### What you have to do
Print each record below precisely, with every picture left out of the copy.

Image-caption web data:
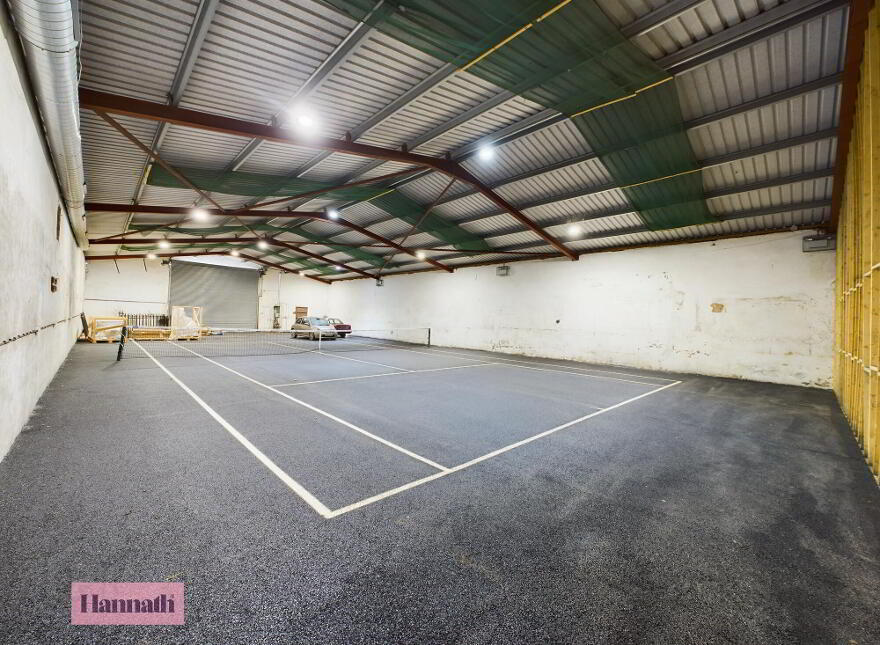 Unit 2a - 97 Mullalelish Road, Richhill, BT61 9LT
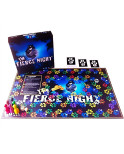 FIERCE GAME - IL GIOCO DA TAVOLO FIERCE NOTTURNO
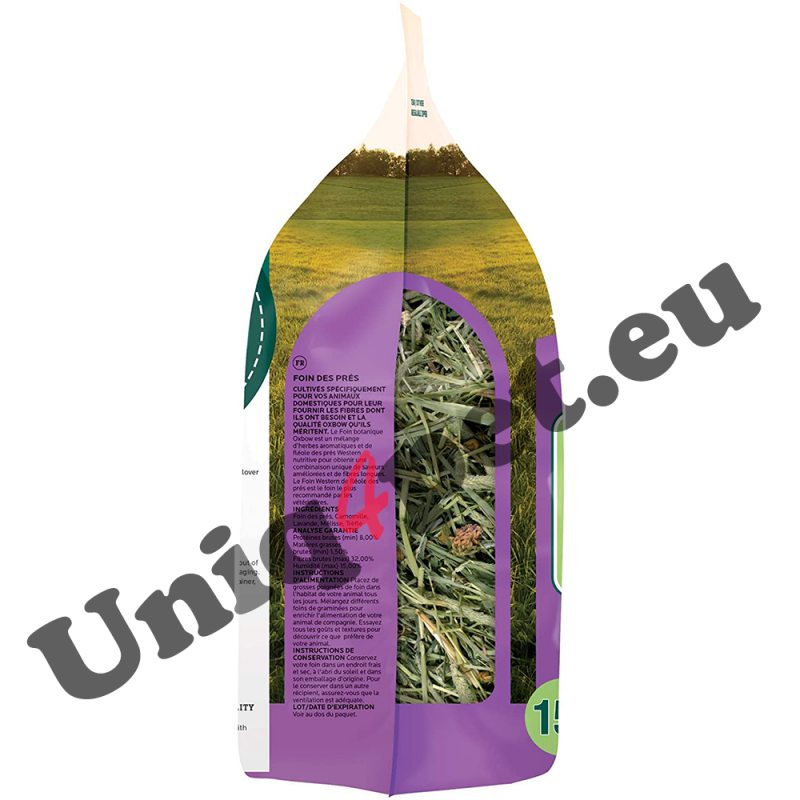 Oxbow Botanical Hay 425g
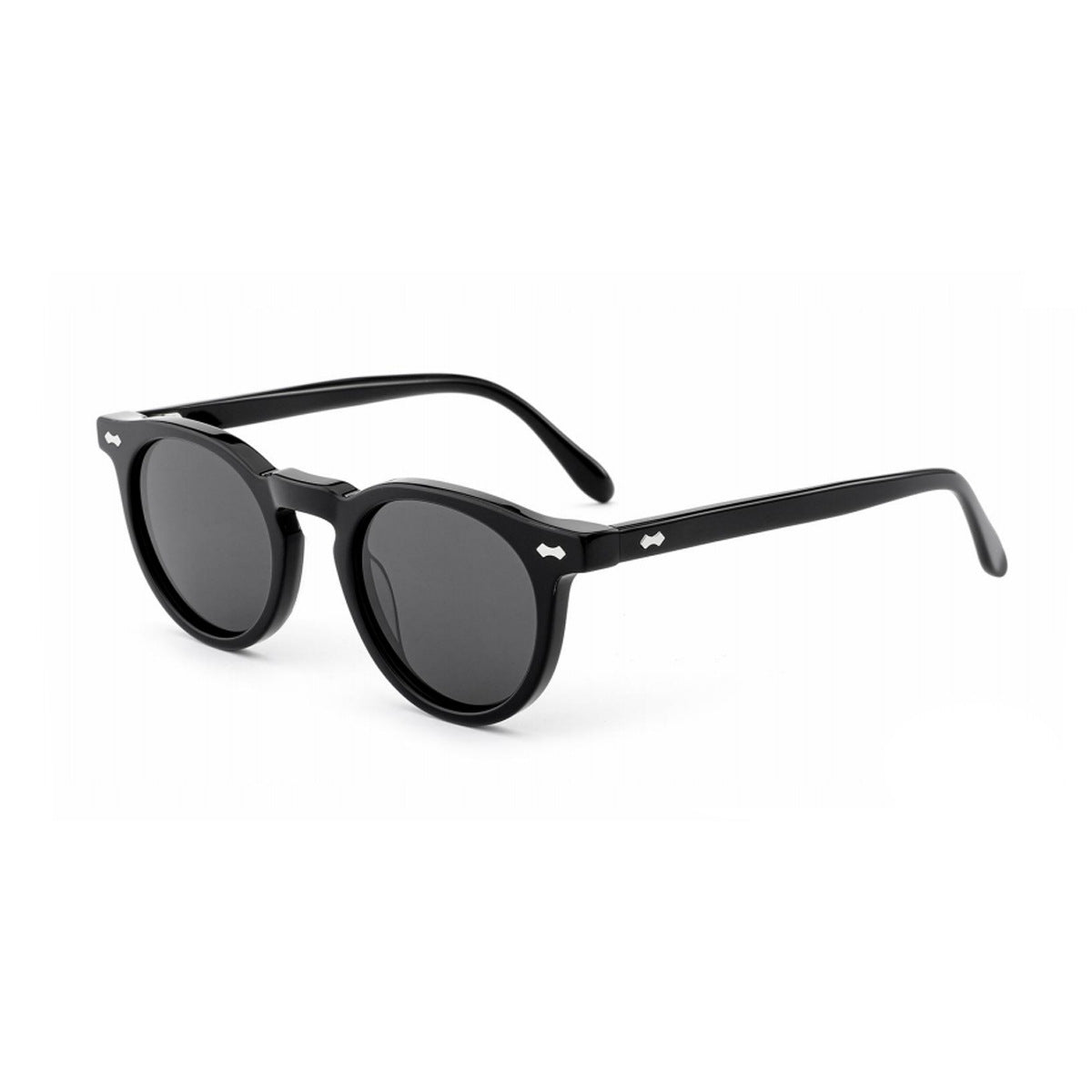 Damen Sonnenbrille im stilvollen Retro-Design mit ultraleichten Rahmen und polarisierten Gläsern Brehn
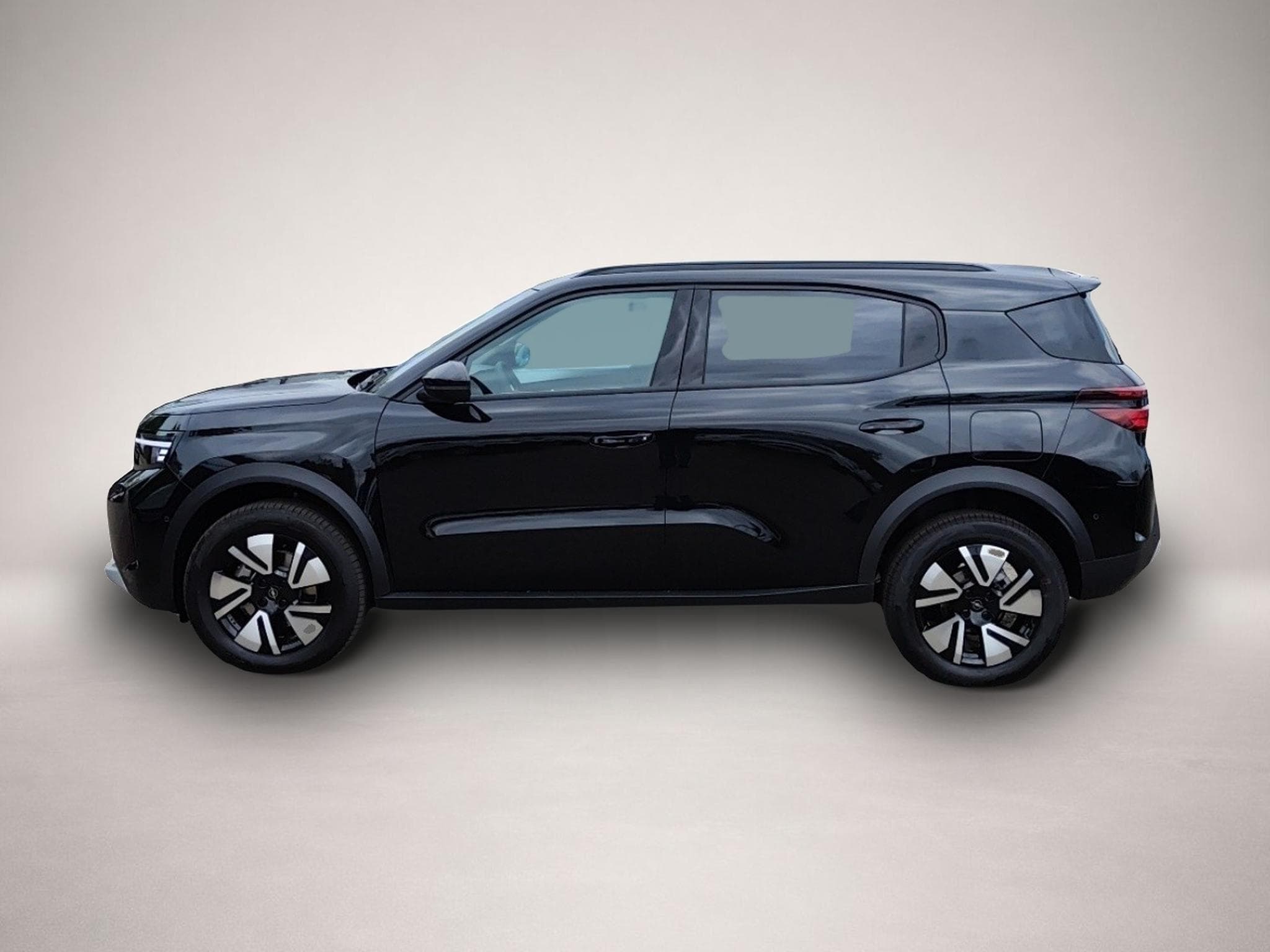 Opel Frontera (2026) - Foto 3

### Exercise answer
 Unit 2a - 97 Mullalelish Road, Richhill, BT61 9LT
 FIERCE GAME - IL GIOCO DA TAVOLO FIERCE NOTTURNO
 Oxbow Botanical Hay 425g
 Damen Sonnenbrille im stilvollen Retro-Design mit ultraleichten Rahmen und polarisierten Gläsern Brehn
 Opel Frontera (2026) - Foto 3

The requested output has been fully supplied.